The killing of George Floyd set off a summer of racial-justice protests and prompted retailers in some cities to board up windows. Firearms sales went even higher, to 2.8 million in June and 2.5 million in July. Walmart removed gun and ammunition displays from thousands of its U.S. stores.
Steven Dulan, who teaches firearms law at Western Michigan University’s Thomas M. Cooley Law School and is on the board of the Michigan Coalition for Responsible Gun Owners, said he has heard of new gun owners buying firearms as an investment, like a precious metal.
Far more common, he said, are the reports from first-time buyers who say they no longer trust police departments to protect them, especially after some agencies were overwhelmed by protesters during the summer.
“The folks that said they would never become a gun owner were trusting the police to protect them, and that delusion has been dispelled,” he said.
In the fall, misinformation swelled amid one of the most divisive presidential campaigns in U.S. history.

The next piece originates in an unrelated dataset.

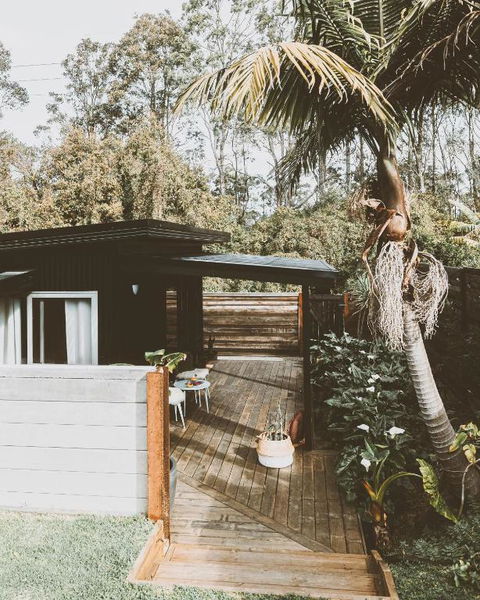 Tiny Home, Outdoor Bath, Infrared Sauna, Fire Pit - Sunshine Coast Tourism 2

President Donald Trump refused to accept his loss in the Nov. 3 contest and spent weeks pressing baseless claims of voter fraud. And then the year’s political havoc spilled over into 2021.
On Jan. 6, a pro-Trump mob stormed the U.S. Capitol in an attempt to stop the counting of electoral-college votes finalizing Joe Biden’s victory. The attack resulted in the deaths of a Capitol Police officer and four rioters, and injuries to about 140 police officers, authorities have said.
“People saw all of this happening at the same time, and they became very concerned for their safety,” said Mark Oliva, public-affairs director for the National Shooting Sports Foundation. “Everybody in America is buying these guns. I’m a 47-year-old White guy living in the suburbs of D.C. It’s not just people like me.”
Michigan and New Jersey recorded the biggest percentage change in firearm purchases in January compared with the previous year, at more than triple the national rate.
It’s common for gun sales to jump when a Democrat takes over the White House. In January 2009, when Barack Obama was inaugurated for his first term, the total number of firearm background checks registered through the National Instant Criminal Background Check System (NICS) reached 1.2 million. That was a record at the time and a nearly 29 percent jump from January 2008.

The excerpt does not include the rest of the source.